Best practices for overriding isEqual: and hash

How do you properly override isEqual: in Objective-C? The "catch" seems to be that if two objects are equal (as determined by the isEqual: method), they must have the same hash value.

The Introspection section of the Cocoa Fundamentals Guide does have an example on how to override isEqual:, copied as follows, for a class named MyWidget:

- (BOOL)isEqual:(id)other {
    if (other == self)
        return YES;
    if (!other || ![other isKindOfClass:[self class]])
        return NO;
    return [self isEqualToWidget:other];
}

- (BOOL)isEqualToWidget:(MyWidget *)aWidget {
    if (self == aWidget)
        return YES;
    if (![(id)[self name] isEqual:[aWidget name]])
        return NO;
    if (![[self data] isEqualToData:[aWidget data]])
        return NO;
    return YES;
}

It checks pointer equality, then class equality, and finally compares the objects using isEqualToWidget:, which only checks the name and data properties.
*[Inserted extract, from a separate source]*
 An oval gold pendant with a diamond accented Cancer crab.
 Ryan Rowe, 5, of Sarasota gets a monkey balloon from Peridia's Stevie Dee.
What the example doesn't show is how to override hash.

Let's assume there are other properties that do not affect equality, say age. Shouldn't the hash method be overridden such that only name and data affect the hash? And if so, how would you do that? Just add the hashes of name and data? For example:

- (NSUInteger)hash {
    NSUInteger hash = 0;
    hash += [[self name] hash];
    hash += [[self data] hash];
    return hash;
}

Is that sufficient? Is there a better technique? What if you have primitives, like int? Convert them to NSNumber to get their hash? Or structs like NSRect?

(Brain fart: Originally wrote "bitwise OR" them together with |=. Meant add.)


Solution 1:

Start with

 NSUInteger prime = 31;
 NSUInteger result = 1;

Then for every primitive you do

 result = prime * result + var

For objects you use 0 for nil and otherwise their hashcode.

 result = prime * result + [var hash];

For booleans you use two different values

 result = prime * result + ((var)?1231:1237);

Explanation and Attribution

This is not tcurdt's work, and comments were asking for more explanation, so I believe an edit for attribution is fair.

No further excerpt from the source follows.